Tipps und Tricks für perfekte Berliner Pfannkuchen

Um die Berliner Pfannkuchen perfekt zu backen oder zu frittieren, gibt es einige Tipps und Tricks, die Ihnen helfen, die besten Ergebnisse zu erzielen:

1. Hefeteig richtig gären lassen

Der Hefeteig muss an einem warmen, aber nicht zu heißen Ort ruhen. Ideal ist ein Raum mit ca. 20–25 °C. Ein ausgeschalteter Backofen mit eingeschaltetem Licht oder ein Vorratsraum können sich gut eignen.

2. Die richtige Temperatur beim Ausbacken

Beim Frittieren sollte das Fett auf ca. 160–170 °C erhitzen. Ist das Fett zu kalt, werden die Berliner matschig; ist es zu heiß, verbrennen sie schnell. Ein Fettthermometer kann hilfreich sein.

3. Füllung richtig dosieren

Die Füllung sollte nicht zu viel sein, da die Berliner beim Ausbacken aufgehen und die Füllung andernfalls austreten könnte. Ein Spritzbeutel oder eine Gebäckspritze ist eine gute Methode, um die Füllung gleichmäßig zu dosieren.

4. Alternative Füllungen ausprobieren

Neben Marmelade oder Konfitüre können auch andere Füllungen wie Nussnugat, Likör oder Fruchtmus verwendet werden. Ein Tropfen Likör in der Füllung verleiht den Berlinern eine besondere Note.

5. Ofen-Berliner anpassen

Wenn Sie die Berliner im Ofen backen, sollten Sie sie vor dem Backen gut mit Butter bestreichen, um die goldbraune Kruste zu erhalten. Sie können auch zusätzliche Aromen wie Zimt oder Gewürze in den Teig einarbeiten.

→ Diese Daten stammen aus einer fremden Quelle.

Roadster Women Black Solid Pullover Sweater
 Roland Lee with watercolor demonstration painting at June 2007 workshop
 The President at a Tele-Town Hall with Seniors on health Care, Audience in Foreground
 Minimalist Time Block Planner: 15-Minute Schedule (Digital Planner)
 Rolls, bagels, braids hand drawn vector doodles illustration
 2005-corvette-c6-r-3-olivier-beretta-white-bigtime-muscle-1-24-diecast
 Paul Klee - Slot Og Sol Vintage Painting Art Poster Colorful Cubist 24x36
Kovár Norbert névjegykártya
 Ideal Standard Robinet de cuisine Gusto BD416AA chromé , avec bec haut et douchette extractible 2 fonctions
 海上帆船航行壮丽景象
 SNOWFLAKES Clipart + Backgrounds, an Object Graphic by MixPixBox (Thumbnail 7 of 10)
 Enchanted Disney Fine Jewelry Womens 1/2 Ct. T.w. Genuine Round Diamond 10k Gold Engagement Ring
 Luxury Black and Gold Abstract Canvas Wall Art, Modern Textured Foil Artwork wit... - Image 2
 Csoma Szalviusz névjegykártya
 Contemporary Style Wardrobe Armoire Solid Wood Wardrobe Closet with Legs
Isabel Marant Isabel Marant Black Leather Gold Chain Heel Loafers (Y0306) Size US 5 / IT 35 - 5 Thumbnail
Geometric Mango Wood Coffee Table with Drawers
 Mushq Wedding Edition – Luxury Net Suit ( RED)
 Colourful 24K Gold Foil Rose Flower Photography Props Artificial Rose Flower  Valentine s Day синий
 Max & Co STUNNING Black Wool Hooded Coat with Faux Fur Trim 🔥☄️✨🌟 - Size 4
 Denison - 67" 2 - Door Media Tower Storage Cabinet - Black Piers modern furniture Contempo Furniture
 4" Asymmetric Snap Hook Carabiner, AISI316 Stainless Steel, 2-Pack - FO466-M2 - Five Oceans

Anpassungen für besondere Anlässe und Ernährungsweisen

Berliner Pfannkuchen sind vielseitig anpassbar, sodass sie für verschiedene Anlässe und Ernährungsweisen geeignet sind. Ob als Kindergeburtstagsgeschenk, als Süße zum Kaffeetrinken oder als Festtagsleckerei – sie können in verschiedenen Varianten hergestellt werden.

1. Für Kindergeburtstage

Für Kindergeburtstage können die Berliner mit bunten Glasuren, Zuckerstreuseln oder Marzipan-Massen dekoriert werden. Ein Rezept mit bunten Glasuren enthält rote und grüne Lebensmittelfarbe, die die Berliner in eine farbenfrohe Süßigkeit verwandelt.

2. Für Erwachsene

Für eine raffiniertere Variante können Likör oder Alkohol in die Füllung gegeben werden. Ein Rezept mit Nugat-Likör-Füllung oder einer Mangofüllung sorgt für eine erwachsene Note und eine ungewöhnliche Geschmackskombination.

3. Für Gesunde

Wer fettärmere Alternativen bevorzugt, kann die Berliner im Ofen backen oder den Teig mit gesunden Zutaten wie Haferflocken, Dinkelmehl oder Nüssen anreichern. Zudem kann die Menge an Zucker und Butter reduziert werden, um die Krapfen leichter zu machen.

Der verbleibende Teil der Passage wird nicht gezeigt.